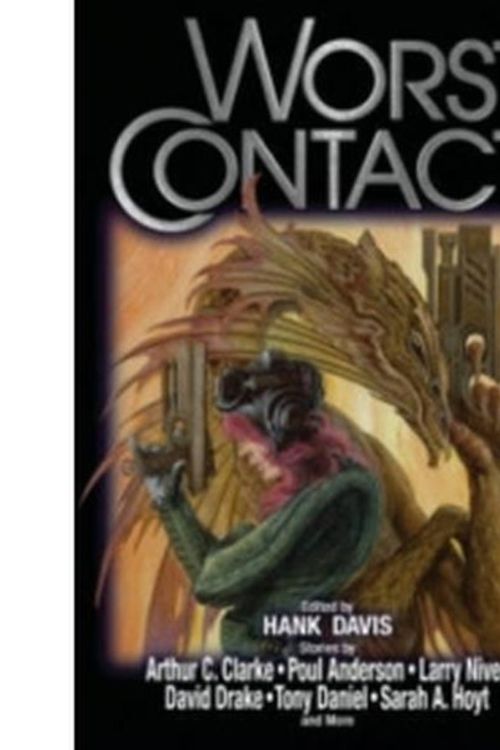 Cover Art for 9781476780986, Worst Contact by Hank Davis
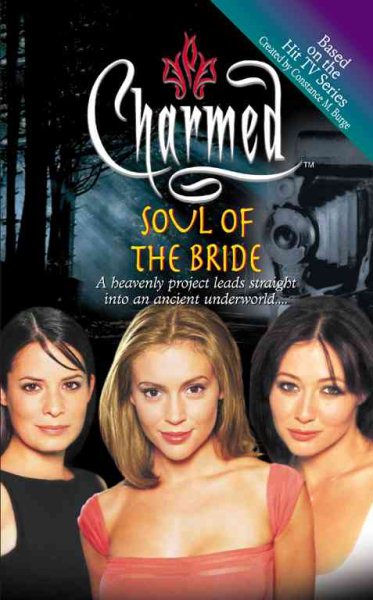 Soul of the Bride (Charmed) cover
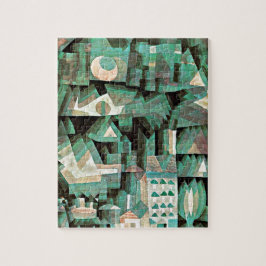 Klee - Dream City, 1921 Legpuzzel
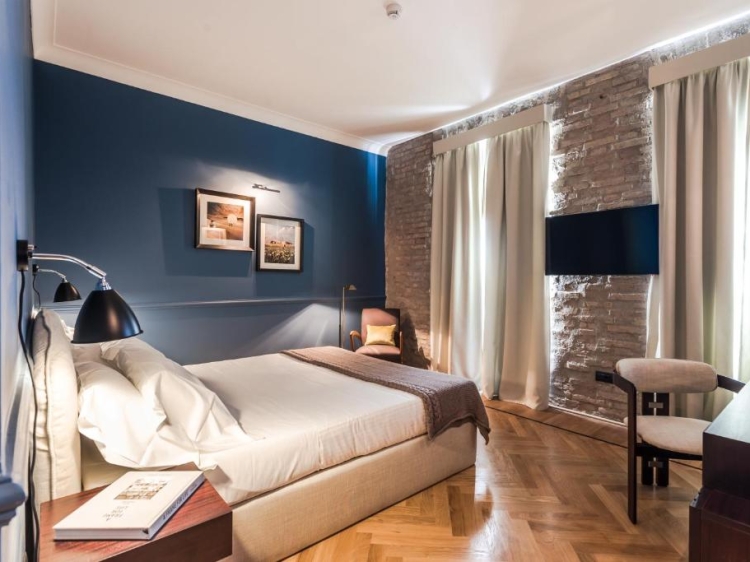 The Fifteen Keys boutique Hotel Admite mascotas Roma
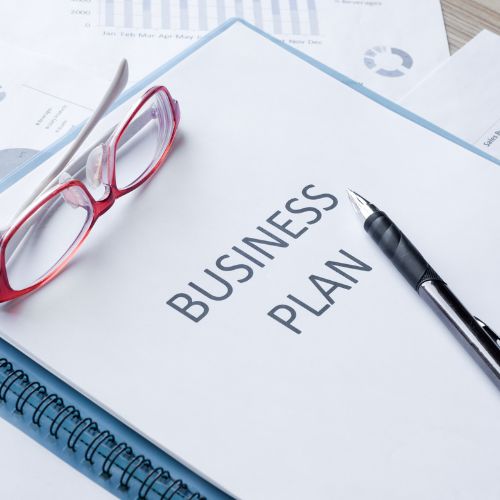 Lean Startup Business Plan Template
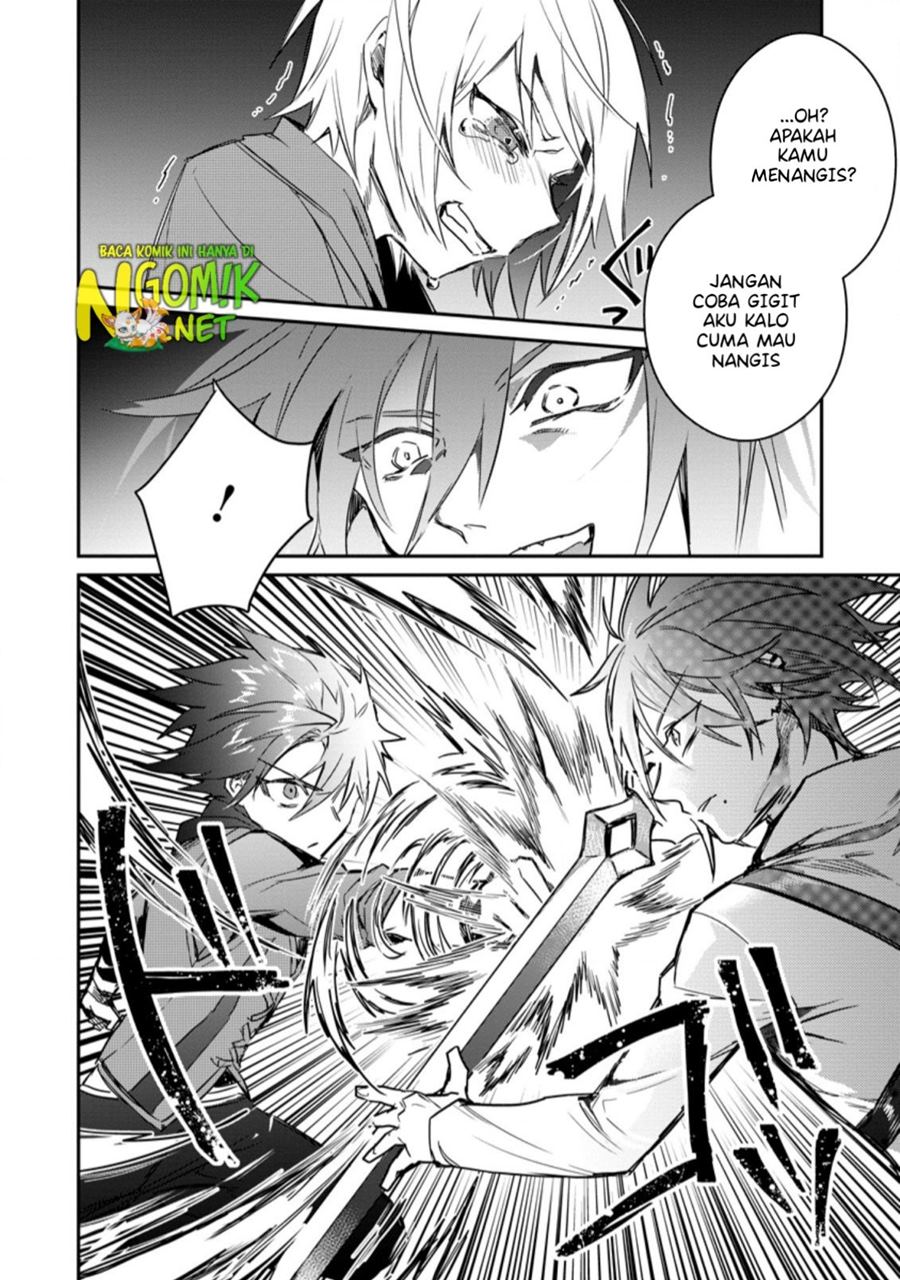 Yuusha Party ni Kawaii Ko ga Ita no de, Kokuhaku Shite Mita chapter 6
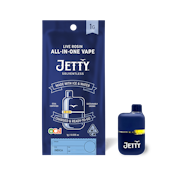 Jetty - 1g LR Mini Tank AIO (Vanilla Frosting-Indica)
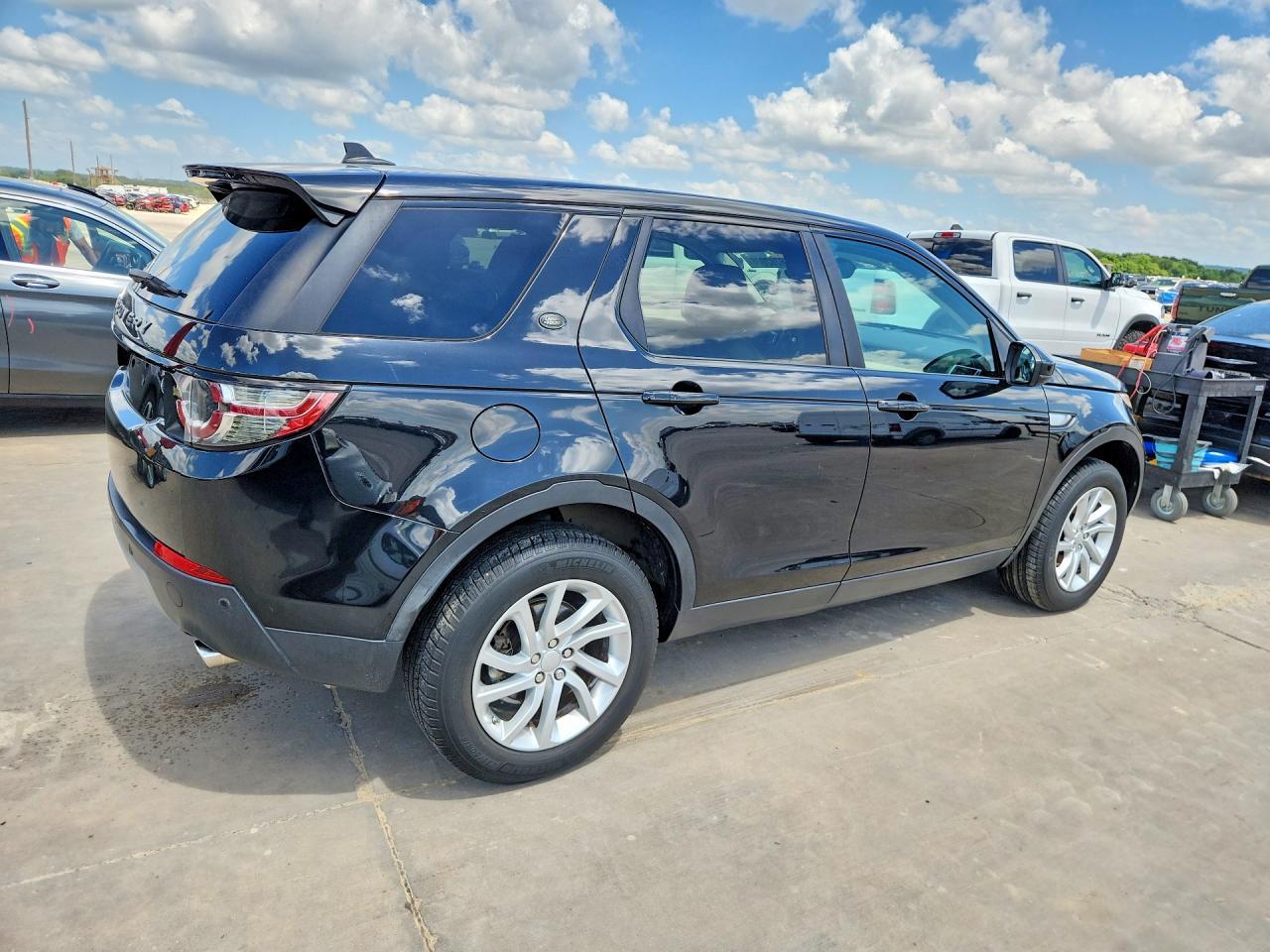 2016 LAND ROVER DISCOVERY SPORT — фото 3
————————
PROBLEM DETAILS: Starting with the first line of the material above and ending with the line that holds "Yuusha Party ni", write out those lines exactly, without pictures.

REPLY TO THE EXERCISE:
 Cover Art for 9781476780986, Worst Contact by Hank Davis
 Soul of the Bride (Charmed) cover
 Klee - Dream City, 1921 Legpuzzel
 The Fifteen Keys boutique Hotel Admite mascotas Roma
 Lean Startup Business Plan Template
 Yuusha Party ni Kawaii Ko ga Ita no de, Kokuhaku Shite Mita chapter 6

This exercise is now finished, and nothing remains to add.